Progress 10/01/17 to 09/30/18

Outputs
Target Audience:local scientific communities and investigators in academic units (College of Science, Veterinary Medicine, Chemistry, Agriculture and food science), related disciplines (Pharmacy, Agriculture, and College of Medicine) in West Lafayette campus, Bindley Bioscience Center, and Birck Nanotechnology Center, Purdue Center for Cancer Research Changes/Problems: Nothing Reported What opportunities for training and professional development has the project provided? Nothing Reported How have the results been disseminated to communities of interest?The results were shared with local scientific communities, collaborators and interested academic units. The results also were published in open access peer reviewed journals such as Plos One and Nature scientific reports What do you plan to do during the next reporting period to accomplish the goals?Confirm the identify of each drug in the library and screen the library against additional bacterial and fungal pathogens and Identifying drugs/molecules with promising activity.
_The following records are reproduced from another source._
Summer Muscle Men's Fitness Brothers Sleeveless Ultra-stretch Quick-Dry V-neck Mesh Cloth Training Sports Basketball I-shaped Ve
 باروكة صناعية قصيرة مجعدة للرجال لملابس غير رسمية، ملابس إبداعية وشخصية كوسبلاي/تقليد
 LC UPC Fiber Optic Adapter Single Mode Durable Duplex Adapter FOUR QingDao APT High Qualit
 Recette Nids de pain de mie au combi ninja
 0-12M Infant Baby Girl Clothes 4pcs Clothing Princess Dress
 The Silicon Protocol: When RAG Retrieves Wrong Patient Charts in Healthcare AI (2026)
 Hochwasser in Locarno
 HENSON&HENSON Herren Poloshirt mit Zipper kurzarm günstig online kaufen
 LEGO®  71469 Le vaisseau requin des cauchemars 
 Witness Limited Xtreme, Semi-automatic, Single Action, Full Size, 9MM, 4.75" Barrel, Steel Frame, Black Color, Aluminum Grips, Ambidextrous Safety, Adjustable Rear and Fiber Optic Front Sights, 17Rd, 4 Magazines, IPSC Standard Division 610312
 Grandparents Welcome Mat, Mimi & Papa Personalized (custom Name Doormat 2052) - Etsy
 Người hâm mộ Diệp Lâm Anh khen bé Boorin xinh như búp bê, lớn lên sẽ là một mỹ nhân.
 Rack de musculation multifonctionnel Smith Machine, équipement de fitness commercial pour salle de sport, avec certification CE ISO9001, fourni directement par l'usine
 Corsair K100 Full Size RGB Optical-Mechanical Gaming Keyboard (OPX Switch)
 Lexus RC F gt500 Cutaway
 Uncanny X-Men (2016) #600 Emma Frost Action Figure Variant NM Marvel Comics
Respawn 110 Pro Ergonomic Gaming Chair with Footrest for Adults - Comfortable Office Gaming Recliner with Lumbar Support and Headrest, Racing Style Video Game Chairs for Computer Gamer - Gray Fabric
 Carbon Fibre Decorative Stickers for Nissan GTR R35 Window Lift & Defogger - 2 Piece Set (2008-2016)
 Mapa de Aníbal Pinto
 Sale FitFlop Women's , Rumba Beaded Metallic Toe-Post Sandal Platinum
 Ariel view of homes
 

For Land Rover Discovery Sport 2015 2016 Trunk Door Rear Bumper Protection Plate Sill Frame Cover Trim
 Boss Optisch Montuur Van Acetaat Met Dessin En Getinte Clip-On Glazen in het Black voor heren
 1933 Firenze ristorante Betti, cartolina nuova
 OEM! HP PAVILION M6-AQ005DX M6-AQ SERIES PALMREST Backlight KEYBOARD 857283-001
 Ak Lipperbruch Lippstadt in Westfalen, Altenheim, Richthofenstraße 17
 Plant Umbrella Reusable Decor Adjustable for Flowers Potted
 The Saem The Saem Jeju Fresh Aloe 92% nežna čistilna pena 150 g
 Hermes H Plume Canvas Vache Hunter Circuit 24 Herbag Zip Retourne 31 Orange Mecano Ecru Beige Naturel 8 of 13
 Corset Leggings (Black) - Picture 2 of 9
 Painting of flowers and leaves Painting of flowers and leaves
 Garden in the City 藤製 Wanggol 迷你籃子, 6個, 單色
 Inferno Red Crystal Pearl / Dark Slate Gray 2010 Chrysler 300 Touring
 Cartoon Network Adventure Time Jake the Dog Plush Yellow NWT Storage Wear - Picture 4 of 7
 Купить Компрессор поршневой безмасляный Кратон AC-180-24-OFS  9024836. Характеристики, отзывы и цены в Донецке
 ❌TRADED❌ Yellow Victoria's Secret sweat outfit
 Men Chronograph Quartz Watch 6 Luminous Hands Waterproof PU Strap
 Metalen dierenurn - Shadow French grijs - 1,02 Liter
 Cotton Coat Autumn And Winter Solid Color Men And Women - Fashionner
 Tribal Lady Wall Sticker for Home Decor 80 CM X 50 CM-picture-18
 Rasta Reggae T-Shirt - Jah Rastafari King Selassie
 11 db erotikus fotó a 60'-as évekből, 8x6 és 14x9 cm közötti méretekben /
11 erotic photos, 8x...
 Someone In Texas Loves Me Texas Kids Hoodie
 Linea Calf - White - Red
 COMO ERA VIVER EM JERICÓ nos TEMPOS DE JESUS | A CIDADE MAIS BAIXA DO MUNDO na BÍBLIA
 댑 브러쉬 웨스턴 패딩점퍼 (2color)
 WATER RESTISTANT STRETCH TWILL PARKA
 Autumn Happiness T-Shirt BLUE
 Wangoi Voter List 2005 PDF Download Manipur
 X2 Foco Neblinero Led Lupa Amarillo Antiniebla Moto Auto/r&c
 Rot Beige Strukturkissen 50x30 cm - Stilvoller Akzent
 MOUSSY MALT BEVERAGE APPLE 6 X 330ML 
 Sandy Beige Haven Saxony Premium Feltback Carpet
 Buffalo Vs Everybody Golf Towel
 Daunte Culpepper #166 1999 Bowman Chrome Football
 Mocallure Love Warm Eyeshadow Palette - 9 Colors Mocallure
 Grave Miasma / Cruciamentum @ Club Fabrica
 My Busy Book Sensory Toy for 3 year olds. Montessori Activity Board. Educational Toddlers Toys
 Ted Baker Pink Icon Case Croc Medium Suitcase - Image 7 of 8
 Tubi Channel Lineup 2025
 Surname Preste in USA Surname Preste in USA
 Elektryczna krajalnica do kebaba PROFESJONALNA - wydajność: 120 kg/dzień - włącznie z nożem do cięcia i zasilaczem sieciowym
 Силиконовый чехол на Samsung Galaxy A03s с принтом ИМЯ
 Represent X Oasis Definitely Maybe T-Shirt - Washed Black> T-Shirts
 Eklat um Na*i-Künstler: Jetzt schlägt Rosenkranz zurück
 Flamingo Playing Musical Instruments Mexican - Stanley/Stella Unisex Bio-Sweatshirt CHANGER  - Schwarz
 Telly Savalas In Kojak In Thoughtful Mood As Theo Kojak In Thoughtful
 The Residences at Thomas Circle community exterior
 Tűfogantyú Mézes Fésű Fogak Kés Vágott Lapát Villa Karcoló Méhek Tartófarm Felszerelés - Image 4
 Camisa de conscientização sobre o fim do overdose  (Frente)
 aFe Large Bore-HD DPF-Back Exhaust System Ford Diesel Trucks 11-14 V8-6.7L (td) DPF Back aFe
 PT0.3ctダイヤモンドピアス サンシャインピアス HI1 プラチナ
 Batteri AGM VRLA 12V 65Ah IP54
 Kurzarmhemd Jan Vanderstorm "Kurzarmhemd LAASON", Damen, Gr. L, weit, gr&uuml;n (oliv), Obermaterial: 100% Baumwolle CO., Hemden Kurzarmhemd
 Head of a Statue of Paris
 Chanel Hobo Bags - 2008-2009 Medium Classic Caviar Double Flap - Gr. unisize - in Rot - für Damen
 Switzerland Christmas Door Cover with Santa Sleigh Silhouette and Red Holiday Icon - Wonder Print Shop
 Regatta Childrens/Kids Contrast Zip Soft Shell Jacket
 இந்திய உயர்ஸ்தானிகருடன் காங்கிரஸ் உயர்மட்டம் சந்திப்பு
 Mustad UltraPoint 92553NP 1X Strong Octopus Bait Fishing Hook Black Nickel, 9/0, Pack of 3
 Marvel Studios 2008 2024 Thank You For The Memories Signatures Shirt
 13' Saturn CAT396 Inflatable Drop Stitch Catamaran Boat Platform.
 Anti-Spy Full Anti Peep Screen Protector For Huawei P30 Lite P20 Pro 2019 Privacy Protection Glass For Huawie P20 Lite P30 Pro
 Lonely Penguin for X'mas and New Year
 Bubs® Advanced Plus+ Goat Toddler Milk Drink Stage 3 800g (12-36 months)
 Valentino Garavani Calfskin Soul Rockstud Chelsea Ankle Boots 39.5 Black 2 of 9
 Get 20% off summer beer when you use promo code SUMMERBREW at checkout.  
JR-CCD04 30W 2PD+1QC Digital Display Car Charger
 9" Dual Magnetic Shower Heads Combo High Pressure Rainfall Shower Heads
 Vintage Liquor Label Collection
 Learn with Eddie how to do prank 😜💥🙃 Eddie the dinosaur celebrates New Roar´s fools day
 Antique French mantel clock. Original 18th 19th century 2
Move to animal testing.

Impacts
What was accomplished under these goals? We accomplished first goal and were able to assembled library of all approved drugs/clinical molecules (~ 4,000). Also we were able to screen the library against some important microorganisms such as vancomycin resistant enterococci and candida albicans. We identified promising molecules that were tested further against these clinical isolates. The promising molecules (such as niclosamide, auranofin, ebselen) showed potent activity against all test pathogens. Some of the molecules such as niclosamide and auranofin, the microorganisms failed to form resistant against them and they could be move forward to animal testing. All the drugs tested for toxicity and proved to be not toxic at the concentration that kills bacteria.

Publications

  • Type: Journal Articles Status: Published Year Published: 2018 Citation: A. Abdelkhalek, N. Abutaleb, H. Mohammad, M. N. Seleem*. (2018). Repurposing ebselen for decolonization of vancomycin-resistant enterococci (VRE). Plos One 13 (6), e0199710 A. Abdelkhalek, N. Abutaleb, K. Elmagarmid, M. N. Seleem. (2018). Repurposing Auranofin as an Intestinal Decolonizing Agent for Vancomycin-Resistant Enterococci. Scientific Reports 8 (1), 8353 H. Mohammad, A. Abdelkhalek, N. Abutaleb, and M. N. Seleem*. (2018). Evaluation of the Anthelmintic Drug Niclosamide for Intestinal Decolonization of Vancomycin-resistant Enterococci" International Journal of Antimicrobial Agents 51 (6), 897-904. H. Eldesouky, A. Mayhoub, T. R. Hazbun, and M. N. Seleem*. (2018). Reversal of azole resistance in Candida albicans by sulfa antibacterial drugs. Antimicrobial Agents and Chemotherapy 62 (3), e00701-17.